1963 anthology edited by Ivan Howard

Rare Science Fiction is an anthology of science fiction short stories edited by Ivan Howard. It was first published in paperback by Belmont Books in January 1963. The collection has been translated into Portuguese.

==Summary==
The book collects eight short stories and novelettes by various science fiction authors.
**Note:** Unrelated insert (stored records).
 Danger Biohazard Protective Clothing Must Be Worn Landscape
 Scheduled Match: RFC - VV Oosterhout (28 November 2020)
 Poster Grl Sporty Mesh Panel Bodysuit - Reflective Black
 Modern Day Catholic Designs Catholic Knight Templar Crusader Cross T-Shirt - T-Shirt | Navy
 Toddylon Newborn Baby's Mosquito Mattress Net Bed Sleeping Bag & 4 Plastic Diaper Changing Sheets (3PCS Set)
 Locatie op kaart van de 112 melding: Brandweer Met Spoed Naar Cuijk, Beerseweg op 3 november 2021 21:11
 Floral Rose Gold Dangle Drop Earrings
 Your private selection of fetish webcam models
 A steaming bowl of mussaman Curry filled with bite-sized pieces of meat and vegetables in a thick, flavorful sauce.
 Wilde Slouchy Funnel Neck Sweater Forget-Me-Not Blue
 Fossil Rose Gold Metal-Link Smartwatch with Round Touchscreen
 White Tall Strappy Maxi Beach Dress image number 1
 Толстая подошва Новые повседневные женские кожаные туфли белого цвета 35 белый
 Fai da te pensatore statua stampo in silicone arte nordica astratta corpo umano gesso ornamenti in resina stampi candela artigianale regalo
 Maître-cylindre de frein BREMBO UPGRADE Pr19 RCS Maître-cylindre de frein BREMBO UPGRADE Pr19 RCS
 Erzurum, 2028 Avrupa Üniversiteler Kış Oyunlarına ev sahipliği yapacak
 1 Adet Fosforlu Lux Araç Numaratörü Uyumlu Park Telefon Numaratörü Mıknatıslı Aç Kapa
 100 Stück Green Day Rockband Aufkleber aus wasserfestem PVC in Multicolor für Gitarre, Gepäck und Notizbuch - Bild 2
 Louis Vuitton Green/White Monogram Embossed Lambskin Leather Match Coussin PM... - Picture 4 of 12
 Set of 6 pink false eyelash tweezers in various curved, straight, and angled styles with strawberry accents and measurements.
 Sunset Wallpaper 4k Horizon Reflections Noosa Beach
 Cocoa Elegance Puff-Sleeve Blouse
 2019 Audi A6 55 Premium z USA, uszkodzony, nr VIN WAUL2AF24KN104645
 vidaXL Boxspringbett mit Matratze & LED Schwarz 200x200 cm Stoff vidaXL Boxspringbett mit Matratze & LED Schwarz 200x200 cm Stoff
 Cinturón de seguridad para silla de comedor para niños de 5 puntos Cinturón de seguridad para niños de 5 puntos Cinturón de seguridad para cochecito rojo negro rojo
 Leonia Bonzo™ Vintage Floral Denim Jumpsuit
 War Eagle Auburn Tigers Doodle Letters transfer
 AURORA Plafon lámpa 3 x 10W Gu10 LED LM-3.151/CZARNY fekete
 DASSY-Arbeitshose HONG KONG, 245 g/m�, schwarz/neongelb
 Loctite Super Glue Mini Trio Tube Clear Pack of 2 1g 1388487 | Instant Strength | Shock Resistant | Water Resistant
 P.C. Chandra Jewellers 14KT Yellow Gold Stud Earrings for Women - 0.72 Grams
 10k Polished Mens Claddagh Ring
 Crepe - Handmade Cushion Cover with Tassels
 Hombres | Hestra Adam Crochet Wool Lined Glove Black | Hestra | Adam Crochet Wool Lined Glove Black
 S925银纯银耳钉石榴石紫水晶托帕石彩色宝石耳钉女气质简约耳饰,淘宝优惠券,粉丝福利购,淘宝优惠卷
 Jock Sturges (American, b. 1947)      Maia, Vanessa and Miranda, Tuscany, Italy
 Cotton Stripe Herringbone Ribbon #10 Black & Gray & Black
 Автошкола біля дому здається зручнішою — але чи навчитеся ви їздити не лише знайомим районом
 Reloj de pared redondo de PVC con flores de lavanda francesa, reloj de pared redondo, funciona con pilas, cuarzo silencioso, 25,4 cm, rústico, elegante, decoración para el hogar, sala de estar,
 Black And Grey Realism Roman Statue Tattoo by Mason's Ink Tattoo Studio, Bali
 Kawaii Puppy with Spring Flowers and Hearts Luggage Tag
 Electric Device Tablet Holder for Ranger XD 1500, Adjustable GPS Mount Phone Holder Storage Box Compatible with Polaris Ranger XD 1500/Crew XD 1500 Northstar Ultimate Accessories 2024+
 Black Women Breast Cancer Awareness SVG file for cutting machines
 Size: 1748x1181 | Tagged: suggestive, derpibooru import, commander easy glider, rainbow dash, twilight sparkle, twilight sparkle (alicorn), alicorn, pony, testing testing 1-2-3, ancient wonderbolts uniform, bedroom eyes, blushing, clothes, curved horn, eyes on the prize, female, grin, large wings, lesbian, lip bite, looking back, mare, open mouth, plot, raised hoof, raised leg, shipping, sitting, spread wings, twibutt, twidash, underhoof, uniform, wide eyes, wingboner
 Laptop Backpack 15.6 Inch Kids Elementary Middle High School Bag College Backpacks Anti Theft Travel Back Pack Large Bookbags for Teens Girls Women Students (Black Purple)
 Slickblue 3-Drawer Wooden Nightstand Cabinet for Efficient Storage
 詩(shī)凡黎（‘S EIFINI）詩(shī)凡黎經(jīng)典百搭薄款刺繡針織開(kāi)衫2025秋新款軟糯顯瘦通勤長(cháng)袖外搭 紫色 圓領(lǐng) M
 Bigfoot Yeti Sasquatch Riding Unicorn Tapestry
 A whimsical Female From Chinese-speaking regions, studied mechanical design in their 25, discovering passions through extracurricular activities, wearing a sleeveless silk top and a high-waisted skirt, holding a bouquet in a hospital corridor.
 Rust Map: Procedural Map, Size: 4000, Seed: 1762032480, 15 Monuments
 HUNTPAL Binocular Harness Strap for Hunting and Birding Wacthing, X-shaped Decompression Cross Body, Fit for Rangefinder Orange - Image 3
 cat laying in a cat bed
The stories were previously published from 1954 to 1959 in the Robert A. W. Lowndes-edited science fiction magazines Future Science Fiction, Science Fiction Quarterly, and Science Fiction Stories.

==Contents==
- "Let's Have Fun" (L. Sprague de Camp) (from Science Fiction Quarterly v. 5, no. 1, May 1957)
- "Do It Yourself" (Milton Lesser) (from Science Fiction Quarterly v. 5, no. 3, November 1957)
- "In Human Hands" (Algis Budrys) (from Science Fiction Stories no. 2, 1954)
- "Protective Camouflage" (Charles V. De Vet) (from Science Fiction Stories v. 5, no. 6, May 1955)
- "Asylum" (Alice Bullock) (from Future Science Fiction v. 5, no. 2, August 1954)
- "Quick Freeze" (Robert Silverberg) (from Science Fiction Quarterly v. 5, no. 1, May 1957)
- "Luck, Inc." (Jim Harmon) (from Science Fiction Stories v. 10, no. 5, November 1959)
- "Ripeness" (M. C. Pease) (from Science Fiction Stories v. 5, no. 4, January 1955)

==Reception==
P. Schuyler Miller called the anthology "a good and varied lot of eight stories" with "such gems as Alice Bullock's poignant little 'Asylum' or Milton Lesser's wry 'Do it Yourself,'" while noting that "the publisher has done his best to handicap the book with nonsensical cover claims," calling them "'prize-winning' stories" and claiming they were "'appearing for the first time in any book.'" He observed that "I can't recall that any of them ever won a prize, other than an editor's check," and that the de Camp contribution had in fact already appeared in his own collection A Gun for Dinosaur and Other Imaginative Tales (1963).